Weir and the crowd move in synchronicity, repeating “No our love will not fade away” as a pledge and mantra. The lightning bolt flashes on stage, a floodlight prowls, the rainbow array of stage lights pulse. Over 30 times, Weir and Mayer and the crowd utter this phrase in call and response, until all the instruments cease and it is merely the words and the claps and invocations of 40,000. Then it is only the roar of the devoted. The band comes to the forefront of the stage, linking arms, and bow. All around me, people wipe away tears and yell “Thank you so much!!!” Mickey Hart takes the mic for a final gesture of gratitude: “Without you, there would be no us.”

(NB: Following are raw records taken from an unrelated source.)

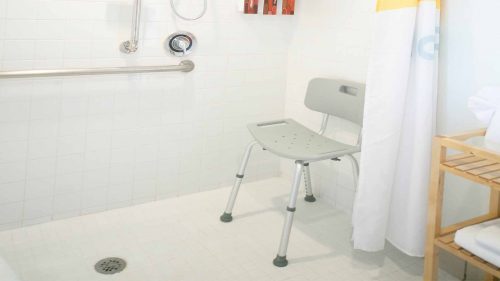 Chair and wall handle rails in ADA accessible walk in shower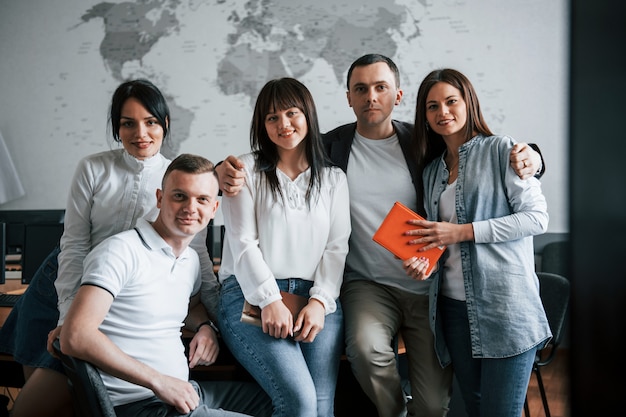 Equipe de sucesso de jovens freelancers posando para a fotografia depois do trabalho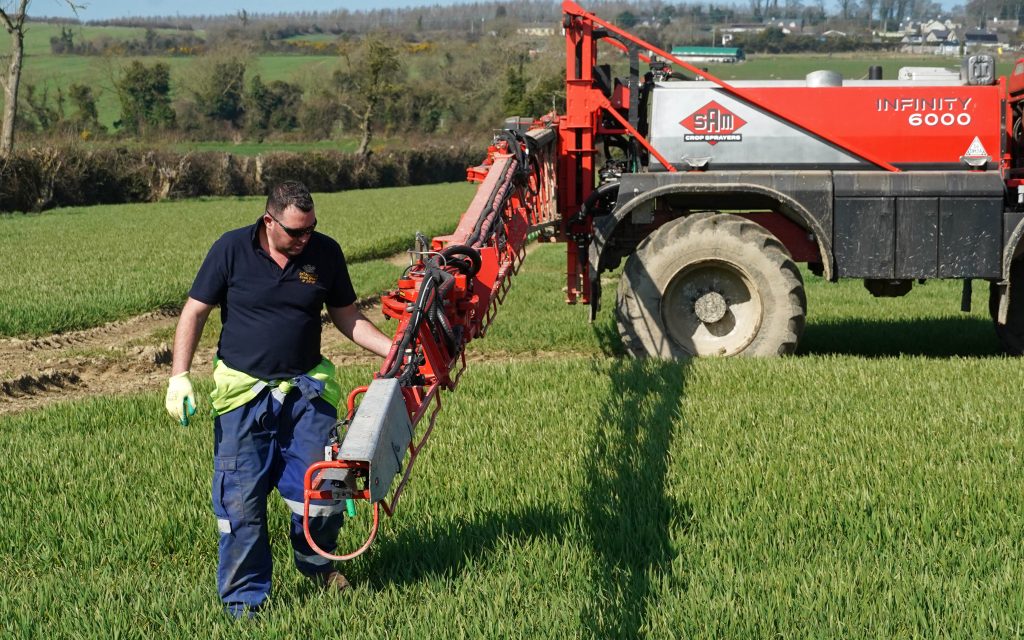 Paul Murry checks the nozzles before treating a field of winter barley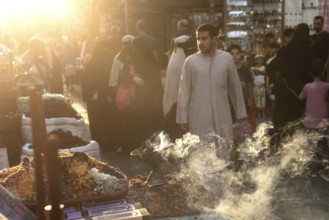 Cairo, Egypt. July 2nd 2024 Smoke from burning incense in a busy market in the historical Islamic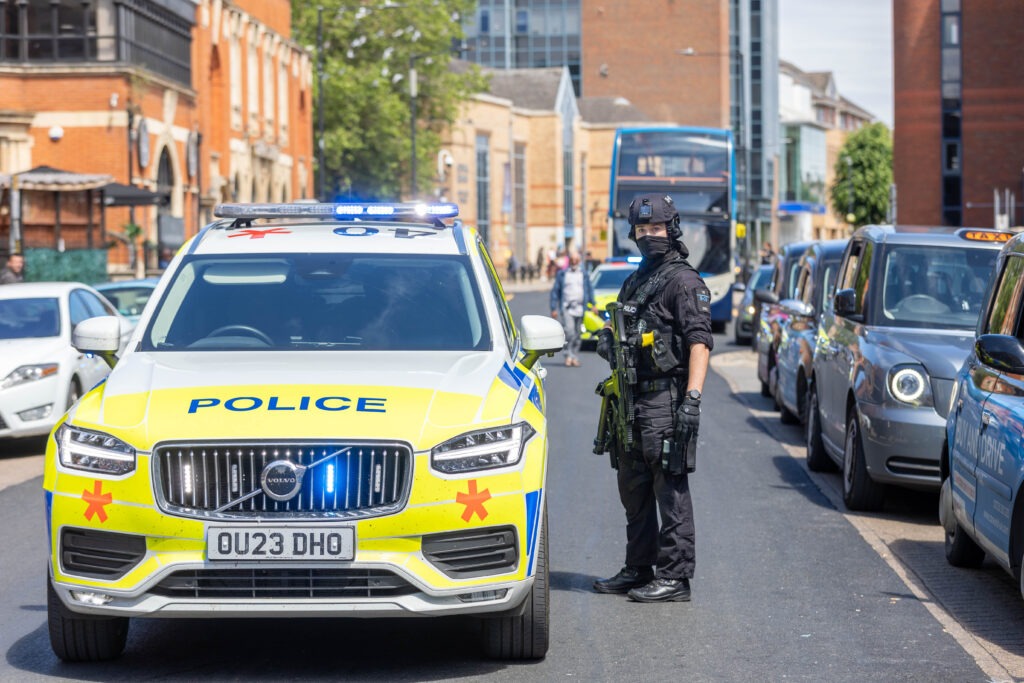 Armed police out in Peterborough today and gave chase prior to arrest in Broadway. PHOTO: Terry Harris 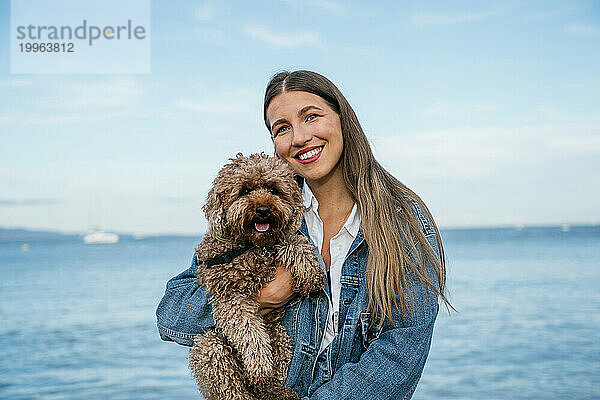 Lächelnde junge Frau mit Pudelhund am Strand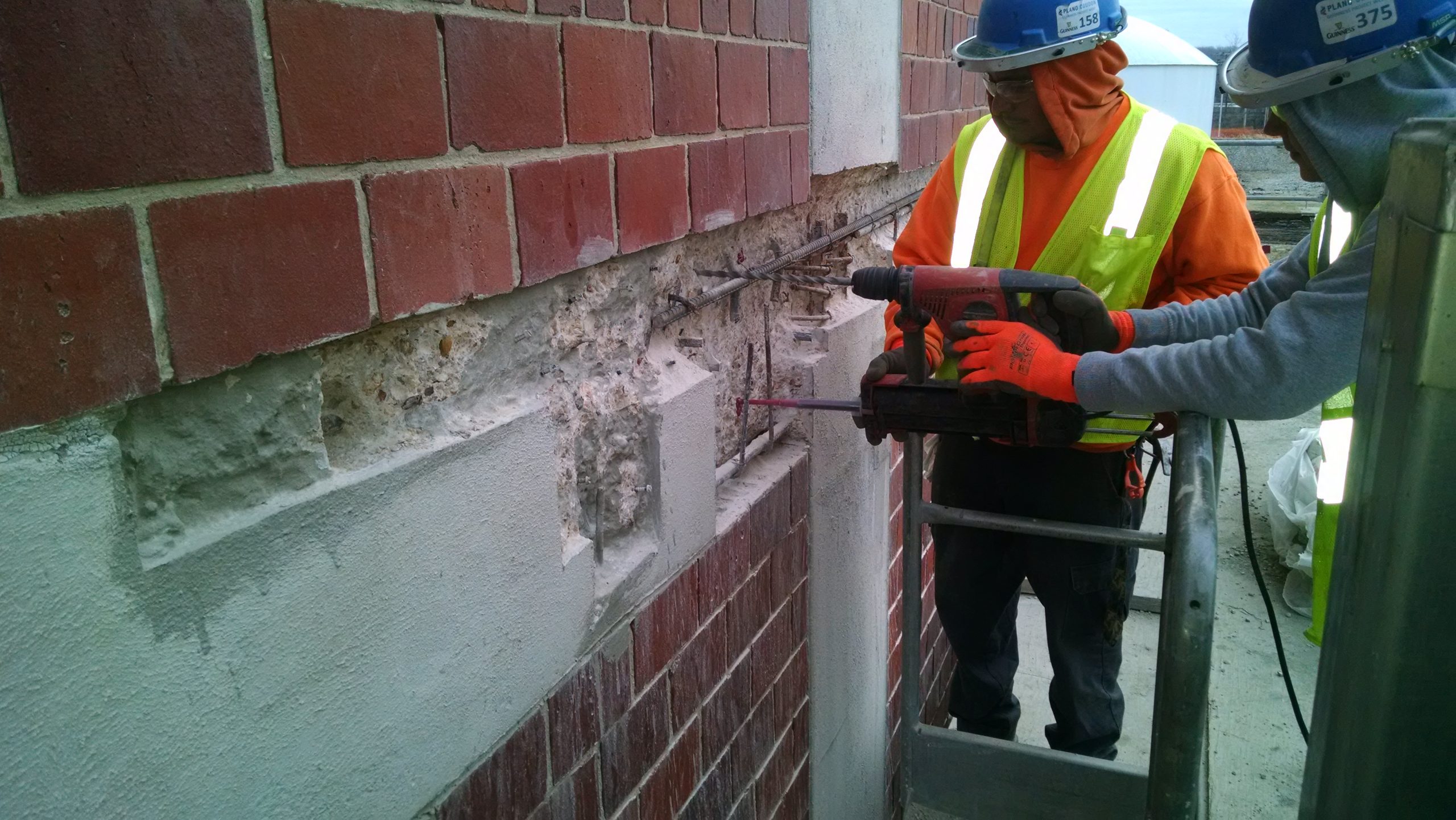 Structural Restoration Service's crew drilling in an exteior building wall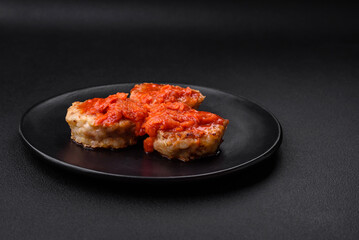 Delicious fresh cutlets or meatballs with spices, herbs and tomato sauce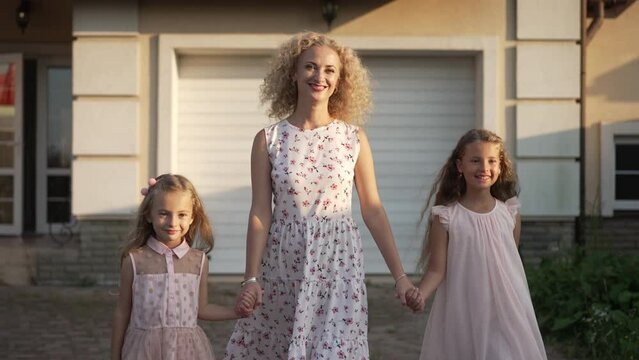 Dolly shot of confident Caucasian mother and daughters holding hands walking in slow motion outdoors. Front view of woman and girls strolling on front yard at sunset smiling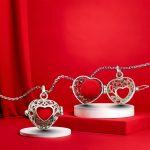 Openable silver heart belly bell pendant with red ball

In the sky above San Francisco Bay, a thousand drones form in electric formation. It’s the Uncle Sam Skeleton, complete with red, white, and blue top hat, which doffs to the dazzled crowd. Then slowly, it puts it back on its illuminated head and disappears, to be replaced by the dancing bear, turning burgundy and yellow and green and purple until it morphs into a glowing red rose in full bloom. 

Finally, the Stealie Skull appears high in the firmament, psychedelic color swirling on its crown, while the crowd keeps whooping and clapping in time. But then that too fades into the darkness, leaving everyone satisfied but adrift. Some have already gone, but most remain, staring into the blank sky, wondering where they’re going next, waiting to see if the lights will turn back on again.